Nel mio lavoro indago nei luoghi della comunicazione e delle parole con lo strappo e l’appropriazione di frammenti di ciò che vedo e tocco, ricostruendo concrezioni e improbabili marchingegni che diano un rivestimento tangibile, seppur immaginario, al mondo tecnologico con cui l’uomo ha aperto nuove e interessanti vie al comunicare.
...
Tracimando imput ogni rete s’irride di chi navighi privo di mèta.
Esaltanti cromìe catturano al clic tra banner di offerte lunari.
Tutto subito e ancora più gratis.
Sottocosto.
Sottocosta bordeggio sensi unici come vicoli ciechi.
Parole.
Lettere senza buca.
Buchi luogo d’arrivo. Bachi. Fosse baci. Ciliegie.
Un clic via l’altro e parole in connessione si palleggiano il tempo attorcigliando la curiosità al dito inquieto.
La foresta si fa bivi. Di finestra in schermata svanisce l’ora.
Sfioro tasti di tunnel contigui fino a gonfiarmi di rumorose noie.
Inciampo e sbarco tra cantieri di provvisorio.
L’annuncio mente e la botola si chiude in altre aperture.
Muri virtuali come reti di cantiere accennano luoghi invalicabili.
Il nuovo sorge e trasforma ogni baratro in torri e ring direzionando i passi in giro. Di vite.
Ho vinto la spesa. Di tempo e pensieri. Di attesa. Che ogni fame si faccia virtuale. raffo 2008

Dal catalogo " Nuove Sinestesie" - 2008

sabato 27 dicembre 2008

1991 - 2001 FESSURE

Cado distratta in un’occhiata di fessura dentro gli scavi celati da una staccionata di pubblicità. Una voragine come di gengiva scavata denuda gli strati di casa cadente. Un dente divelto, estirpato, e al suo posto un nuovo palazzo di specchi e formiche, tra carte e computers. Domani. Lo dice il cartello che loca. Elogia i vantaggi d’acquisto di un dente di smalto laccato, garanzia di sorriso. E sorrido. Di tutta una via, di scritte e prodotti, ho cercato con gli occhi soltanto qualcosa che apra la vista su ciò che non c’è. E tra queste parole. raffo 1991


didascalia immagine
FILE TEMPORANEO - 2001
Inserto pubblicitario in feritoia medievale

giovedì 25 dicembre 2008

2002 - Energia digitale

Raccolta punti a orario continuato.
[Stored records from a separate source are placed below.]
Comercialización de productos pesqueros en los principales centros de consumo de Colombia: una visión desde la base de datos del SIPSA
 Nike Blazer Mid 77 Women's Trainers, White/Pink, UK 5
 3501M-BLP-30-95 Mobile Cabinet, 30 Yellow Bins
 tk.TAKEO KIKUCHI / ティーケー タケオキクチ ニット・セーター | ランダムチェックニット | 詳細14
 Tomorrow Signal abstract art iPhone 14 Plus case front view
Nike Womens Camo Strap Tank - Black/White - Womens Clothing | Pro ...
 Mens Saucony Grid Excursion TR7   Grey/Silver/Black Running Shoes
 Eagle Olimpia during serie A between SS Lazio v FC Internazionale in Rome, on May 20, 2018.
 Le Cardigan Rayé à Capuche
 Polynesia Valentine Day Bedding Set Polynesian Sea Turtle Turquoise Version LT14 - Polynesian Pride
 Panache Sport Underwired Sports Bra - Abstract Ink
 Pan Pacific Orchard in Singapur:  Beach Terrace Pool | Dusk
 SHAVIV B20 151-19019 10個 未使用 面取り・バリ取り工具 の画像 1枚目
In corsa. Piego la carta a cottimo, mentre cammino lasciando che gli occhi rubino cromie da ipermercato. E le stagioni hanno il ritmo dei saldi, dei cambi vetrina, il colore dei prodotti solari e degli articoli di fine serie. Il mosaico di pixel si amplia fagocitando nuove proposte, scegliendo i colori forti di una vendita promozionale, di un calendario di eventi, di un viaggio a oriente.
Non ho mai subito arresti, nonostante l’intensa attività di riciclaggio di colore usato, di mostra in mostra, lungo chilometri di pareti e strade. L’energia digitale circuisce e circuita: chiede pausa allo sguardo e corrobora. Lievemente contamina con un pizzico di ironia prodotti e riprodotti, saldi, scorte, scarti, carte, trasformando in A.C.E. la pigra inerzia da voyeur. E quella “cosa” chiamata arte, corto circuito della mente, alchimia nel fare. Vitamina naturale, con giusto apporto di sali minerali, impalcatura per immersioni in apnea, escursioni estreme, intrusioni in luoghi introvabili del pensiero. Alternanza di energie. Celebrazione di ogni pausa tra dire e fare, e del gesto di un dito in sincronia con i suoi simili. Da non dar per scontato.

Raffaella Formenti - 2002

(pag 52 cat. “Energie naturali”)
“ENERGIE NATURALI” con testo di Francesco Tedeschi.
Catalogo e mostra a cura di F. Paris, F. Tedeschi - Brescia 2002

1998 - il mio studio...

Il mio studio è una discarica nella quale riciclo in prodotti scaduti gli ingombri che mi occludono i pensieri

Lavoro sul MARGINALE: gesti tempo e luoghi solitamente esclusi dallo sguardo.

GESTI > manualità in automatismo produttivo
TEMPO > ritagli di tempo dati per persi
LUOGHI > l’angolo tra le pareti

Rendo visibile la manualità con un gesto di produzione continua dell’inutile nei luoghi più improbabili ============


Dò sovranità agli imballaggi “utili e gratuiti” nei templi dell’acquisto =================

Raccolgo volantini appena distribuiti lungo le auto per farne pixel di colore ===

La pubblicità raccolta, come le parole perse, diventano colore imprigionato nella follia produttiva: migliaia di scatoline come tessere di mosaico, composto da quelle mani nascoste e sottopagate che passano l’intera vita a ripetere un gesto di produzione mai visto ne considerato.

Tra i pendolari del metrò, le code agli sportelli, le sale d’attesa, le file alle casse, lo struscio del sabato, le ore di televisione, le chiacchiere di circostanza…accumulo la mia manualità superflua trasformandola in “prodotto scaduto con valenza estetica da monolocale”.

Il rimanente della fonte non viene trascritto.